Another research study by Li et al. [
33] approached underwater image enhancement from a different perspective by constructing a large-scale real-world underwater dataset containing 950 images under various light conditions, from natural light to artificial light. The collected data were then tested on the custom Water-Net model to perform image enhancement. Furthermore, Panetta et al. [
34] went further in underwater object tracking and image enhancement and introduced a benchmark underwater dataset, UOT100. The dataset comprises 104 underwater videos, from which they generated a complete set of 74 K annotated image frames. Additionally, they introduced the CRN-UIE GAN model to perform image enhancement. The model tries to improve underwater object detection performance by correcting the underwater environment’s effects.
Underwater image restoration using real-world images from coral reefs (HICRD) was proposed by Han et al. [
35]. They created the custom HICRD dataset to overcome the limitation of previous datasets to capture a more diverse underwater environment. The dataset consists of 9676 images and is used on the Constructive UndeWater Restoration (CWR) model for image restoration. The CWR model at its core utilises GAN models and Representation Learning [
36], essentially an unsupervised method used to perform image restoration. The CWR model performed satisfactorily, and the end result was close to the reference images without content or structural losses on the generated images.
In addition, during the last few years, there has been a shift from the conventional techniques toward the substantial use of CNN and GAN models for underwater image repair and enhancement [
19,
30,
37,
38]. Because of such networks’ characteristics, DL models represented a significant advancement in the analysis of underwater photographs. The task of processing and interacting with the underwater world poses a number of difficulties for any autonomous vehicle. DL makes it possible to create more accurate data-driven models of the environment, improving one’s capacity to analyse and comprehend that environment. The most notable benefit of DL models is that they can be put into action without the necessity of explicitly describing every facet of the environment and manually coding everything that is required for the operation line by line. This is the distinct advantage that sets them apart from other types of models. DL models can be trained and can learn the most valuable features on their own, provided the necessary data are fed through the network during the training process. As a result, the model would be able to learn the necessary characteristics and parameters for every given job, notwithstanding the complexity of the underwater scenes.
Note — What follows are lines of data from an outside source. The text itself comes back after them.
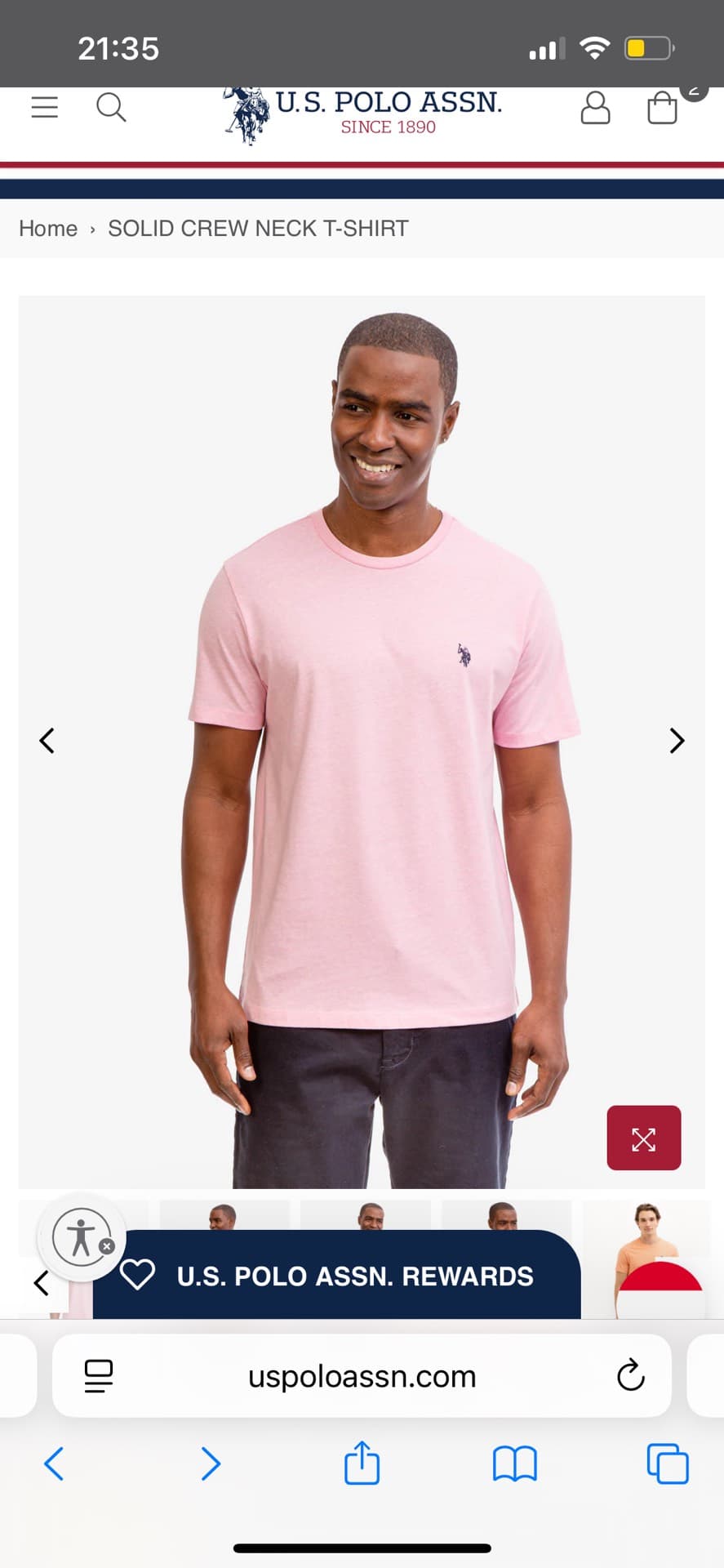U.S. Polo Assn. Solid Crew Neck T-Shirt
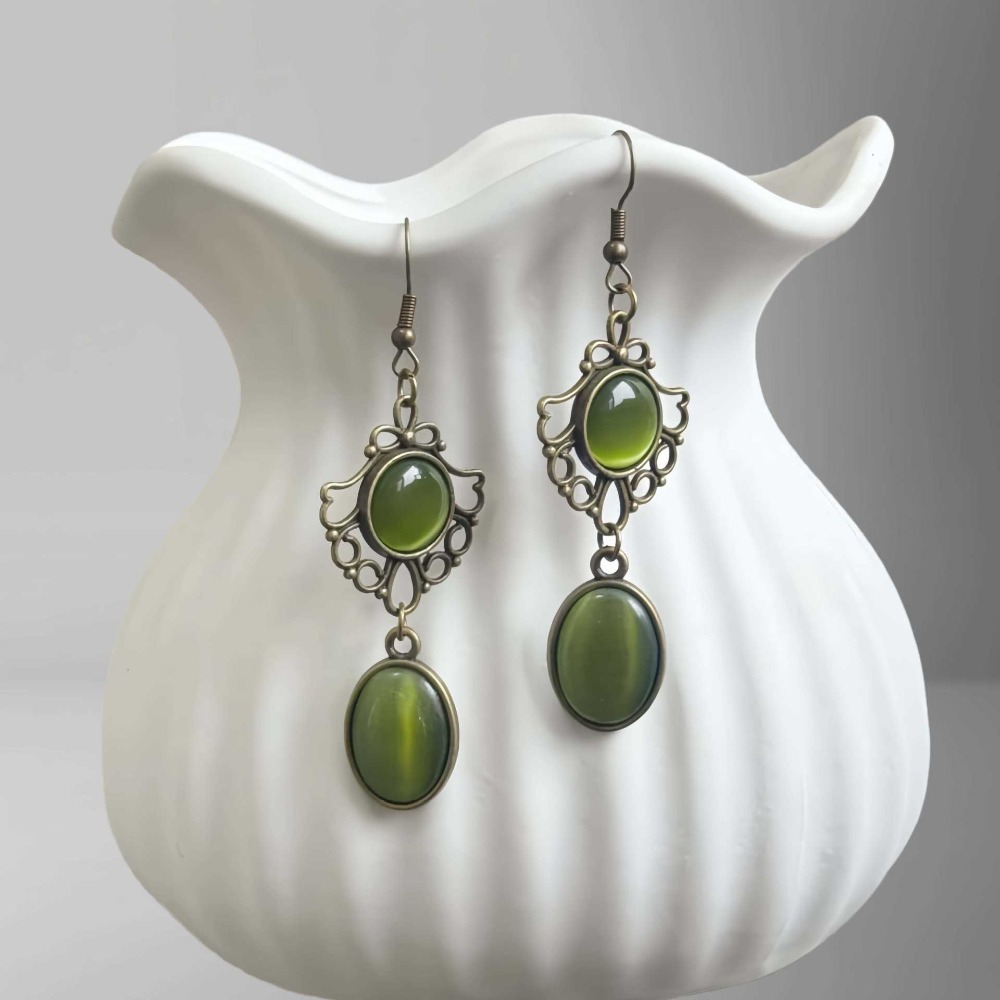 ต่างหูห้อยประดับโอปอลสีเขียวลา - Women'S Victorian Era Accessories บทวิจารณ์และราคา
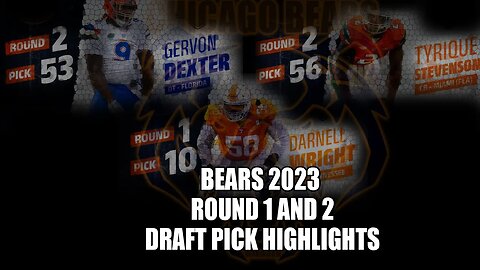 Bears Round 1 and 2 Draft Pick Highlights 🔥🔥 W/ Music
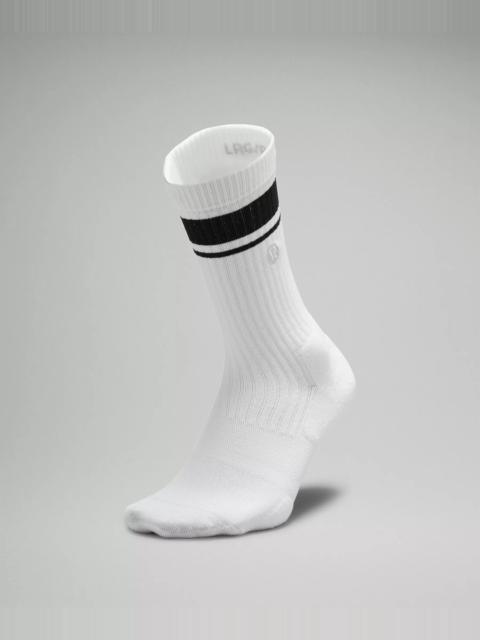 Men's Daily Stride Ribbed Comfort Crew Socks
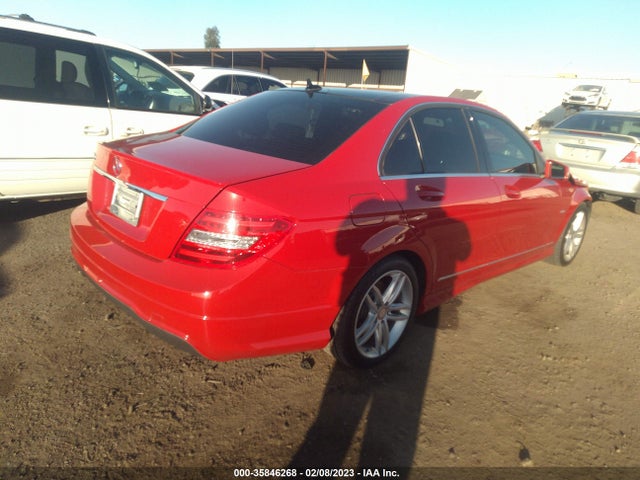 2012 MERCEDES-BENZ C-CLASS C 250 VIN: WDDGF4HB3CR212830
Consequently, as a result of the development of advanced deep learning algorithms, it is now more conceivable than it has ever been to generate underwater photographs that may be as similar as possible to the real world, despite the complexity of such an environment. Because of this, the data collection for marine imagery, which is an essential component of any project relating to the underwater environment, can be made more accessible and will not require direct underwater data, at least in the initial stages of the model development. This will result in savings of time, resources, and funding.
This paper is organised as follows.
Section 2 describes the methodology used to generate the underwater photographs.
Section 3 describes the results of the model development.
Section 4 presents the conclusions of the paper.